Chevrotain / chevrotain

Parser Building Toolkit for JavaScript
https://chevrotain.io
Apache License 2.0
2.44k stars 200 forks source link

LL(*): Fix ECMA5 prediction and backtracking tests #1740

Closed msujew closed 2 years ago

msujew commented 2 years ago

Does three things:

  1. Adds syntactic predicates to the ECMA5 parsers to correctly work with ambiguities and LL(*)
  2. Fixes backtracking tests by adding a stricter heuristic for ambiguities
  3. Changes the order of predicate evaluation. Instead of evaluating them at the end like Antlr does, we evaluate them at the start and create a distinct DFA for each configuration of predicates.
bd82 commented 2 years ago

please rebase with master-LL-star it should then run the CI flow on github actions. When I ran them locally I had 5 test failures (instead of the six(?) previously)

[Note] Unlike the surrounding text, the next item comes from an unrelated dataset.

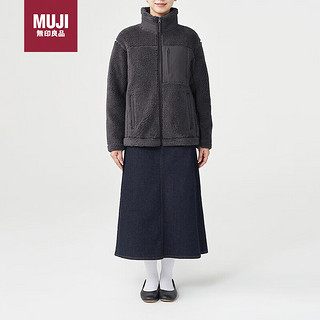 MUJI 無印良品 无印良品（MUJI）男女通用羊羔绒拉链夹克短外套无性别 深灰色 男女通用Ｓ－Ｍ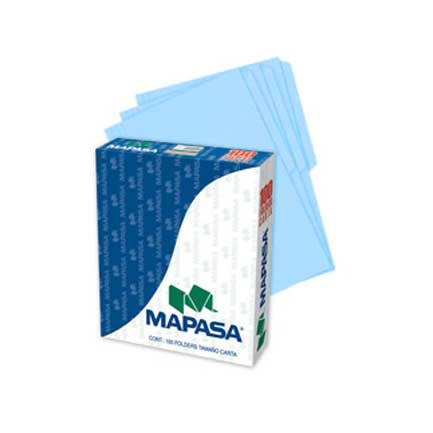 MAPASA - FOLDERS MAPASA AZUL CARTA C/100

bd82 commented 2 years ago

Running the performance benchmark versus 9.1.0 on this change gives me much smaller gains than previously seen

image

Now I am running the benchmark on a different machine / chrome version, so maybe this affects something... can you please re-test the performance versus 9.1.0 on your machine as well?

msujew commented 2 years ago

@bd82 Seeing smaller performance gains as well:

image

For reference, the current master-LL-star branch:

image

The only explanation I can think of here, is that the previous ECMA5 benchmark from master-LL-star is faulty in a way that does not lead to a parser error and only "by accident" picks the correct alternative, while also taking some sort of shortcut to the prediction, making it so much faster than the baseline. Especially since the other languages (JSON/CSS) are quite similar to the other PR.

It was quite weird anyway that the ECMA5 parser was that much faster than the baseline, since most decisions can be parsed in 2 or 3 tokens, so there shouldn't be that much of a gain using LL(*). So I guess that makes sense in some way? On the other hand, I'm really curious what kind of shortcut my bugs find that makes ECMA5 20% faster in total 🤔

Regarding the 5 tests failures: Yes, they were previously 6, the purpose of this PR is to fix the ambiguity detection in place of a stricter one (the one also used by Antlr) which fixes the previously failing backtracking test noticed in #1735.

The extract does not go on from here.